Simulating the formation of the local galaxy population

We simulate the formation and evolution of the local galaxy population, starting from initial conditions with a smoothed linear density field which matches that derived from the IRAS 1.2‐Jy galaxy survey. Our simulations track the formation and evolution of all dark matter haloes more massive than 10 11  M ⊙ out to a distance of 8000 km s −1 from the Milky Way. We implement prescriptions similar to those of Kauffmann et al. to follow the assembly and evolution of the galaxies within these haloes. We focus on two variants of the CDM cosmology: a ΛCDM model and a τ CDM model.

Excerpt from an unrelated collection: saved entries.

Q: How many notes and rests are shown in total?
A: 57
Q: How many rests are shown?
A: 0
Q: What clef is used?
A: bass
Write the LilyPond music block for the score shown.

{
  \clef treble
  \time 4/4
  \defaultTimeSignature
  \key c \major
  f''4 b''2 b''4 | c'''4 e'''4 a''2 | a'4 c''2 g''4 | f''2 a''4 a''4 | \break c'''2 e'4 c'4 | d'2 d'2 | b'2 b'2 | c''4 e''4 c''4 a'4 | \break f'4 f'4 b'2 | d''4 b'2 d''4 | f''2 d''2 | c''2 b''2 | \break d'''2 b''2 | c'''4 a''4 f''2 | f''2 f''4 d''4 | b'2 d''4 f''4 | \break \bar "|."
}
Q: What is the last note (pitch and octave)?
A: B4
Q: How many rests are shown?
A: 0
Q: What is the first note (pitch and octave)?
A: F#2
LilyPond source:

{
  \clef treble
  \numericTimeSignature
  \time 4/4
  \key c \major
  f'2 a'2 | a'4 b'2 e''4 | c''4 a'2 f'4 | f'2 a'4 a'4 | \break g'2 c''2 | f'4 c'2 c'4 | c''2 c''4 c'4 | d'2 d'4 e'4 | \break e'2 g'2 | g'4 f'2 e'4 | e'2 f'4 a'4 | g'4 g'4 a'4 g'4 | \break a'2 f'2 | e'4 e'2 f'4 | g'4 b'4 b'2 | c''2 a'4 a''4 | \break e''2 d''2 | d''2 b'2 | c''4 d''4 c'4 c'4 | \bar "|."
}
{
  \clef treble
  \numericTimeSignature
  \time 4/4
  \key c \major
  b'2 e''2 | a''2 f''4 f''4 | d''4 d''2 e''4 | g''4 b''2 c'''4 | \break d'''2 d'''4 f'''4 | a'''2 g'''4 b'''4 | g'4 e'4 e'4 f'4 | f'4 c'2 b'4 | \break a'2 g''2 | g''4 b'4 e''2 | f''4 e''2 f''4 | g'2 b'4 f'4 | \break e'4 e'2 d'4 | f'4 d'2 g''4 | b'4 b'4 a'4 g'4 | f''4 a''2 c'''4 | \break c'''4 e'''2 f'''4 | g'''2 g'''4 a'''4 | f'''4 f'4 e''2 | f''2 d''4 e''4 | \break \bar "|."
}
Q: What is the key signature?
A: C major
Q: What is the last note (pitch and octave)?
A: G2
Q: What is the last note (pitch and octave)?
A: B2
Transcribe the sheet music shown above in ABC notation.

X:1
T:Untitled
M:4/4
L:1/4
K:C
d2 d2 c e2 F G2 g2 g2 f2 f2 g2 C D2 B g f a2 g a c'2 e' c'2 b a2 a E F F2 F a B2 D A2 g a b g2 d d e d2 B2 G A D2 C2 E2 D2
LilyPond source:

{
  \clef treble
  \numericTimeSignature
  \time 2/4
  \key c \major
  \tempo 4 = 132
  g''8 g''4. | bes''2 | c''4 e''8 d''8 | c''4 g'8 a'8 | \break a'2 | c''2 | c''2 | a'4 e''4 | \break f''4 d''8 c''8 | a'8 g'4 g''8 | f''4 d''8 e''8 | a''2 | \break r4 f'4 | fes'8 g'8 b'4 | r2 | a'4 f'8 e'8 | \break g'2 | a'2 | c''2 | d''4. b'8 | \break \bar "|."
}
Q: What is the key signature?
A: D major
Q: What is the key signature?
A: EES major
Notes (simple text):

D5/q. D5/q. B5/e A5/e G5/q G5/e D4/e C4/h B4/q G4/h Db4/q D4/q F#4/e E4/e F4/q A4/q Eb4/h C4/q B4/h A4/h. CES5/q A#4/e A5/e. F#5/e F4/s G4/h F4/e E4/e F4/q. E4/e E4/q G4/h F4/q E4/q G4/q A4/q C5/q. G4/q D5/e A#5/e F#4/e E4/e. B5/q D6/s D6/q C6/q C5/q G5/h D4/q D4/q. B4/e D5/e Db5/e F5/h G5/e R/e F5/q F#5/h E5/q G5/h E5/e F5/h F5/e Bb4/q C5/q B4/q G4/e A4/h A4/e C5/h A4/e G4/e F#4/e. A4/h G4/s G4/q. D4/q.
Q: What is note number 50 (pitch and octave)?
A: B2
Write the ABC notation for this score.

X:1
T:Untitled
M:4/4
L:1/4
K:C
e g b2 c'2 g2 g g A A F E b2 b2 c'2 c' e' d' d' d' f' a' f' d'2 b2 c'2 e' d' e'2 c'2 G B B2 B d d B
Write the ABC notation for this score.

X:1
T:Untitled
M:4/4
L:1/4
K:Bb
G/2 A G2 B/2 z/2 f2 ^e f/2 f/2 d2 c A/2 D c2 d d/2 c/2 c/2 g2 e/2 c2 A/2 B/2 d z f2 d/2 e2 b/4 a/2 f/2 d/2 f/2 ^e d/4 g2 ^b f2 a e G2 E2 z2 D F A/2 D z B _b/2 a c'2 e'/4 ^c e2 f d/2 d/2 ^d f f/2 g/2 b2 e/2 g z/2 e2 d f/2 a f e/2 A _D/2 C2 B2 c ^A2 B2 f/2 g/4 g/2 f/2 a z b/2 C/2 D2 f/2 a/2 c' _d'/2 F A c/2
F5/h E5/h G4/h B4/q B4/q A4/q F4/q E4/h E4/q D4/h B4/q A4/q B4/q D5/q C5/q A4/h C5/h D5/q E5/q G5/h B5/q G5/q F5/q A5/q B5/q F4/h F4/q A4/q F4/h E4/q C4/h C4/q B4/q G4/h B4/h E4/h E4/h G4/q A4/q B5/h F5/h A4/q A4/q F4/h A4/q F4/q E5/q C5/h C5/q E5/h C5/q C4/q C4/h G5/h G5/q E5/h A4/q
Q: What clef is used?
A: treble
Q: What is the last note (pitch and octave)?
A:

Galaxy formation in each is adjusted to reproduce the I ‐band Tully–Fisher relation of Giovanelli et al. We compare the present‐day luminosity functions, colours, morphology and spatial distribution of our simulated galaxies with those of the real local population, in particular with the Updated Zwicky Catalog, with the IRAS PSCz redshift survey, and with individual local clusters such as Coma, Virgo and Perseus. We also use the simulations to study the clustering bias between the dark matter and galaxies of differing type. Although some significant discrepancies remain, our simulations recover the observed intrinsic properties and the observed spatial distribution of local galaxies reasonably well. They can thus be used to calibrate methods which use the observed local galaxy population to estimate the cosmic density parameter or to draw conclusions about the mechanisms of galaxy formation. To facilitate such work, we publicly release our z =0 galaxy catalogues, together with the underlying mass distribution.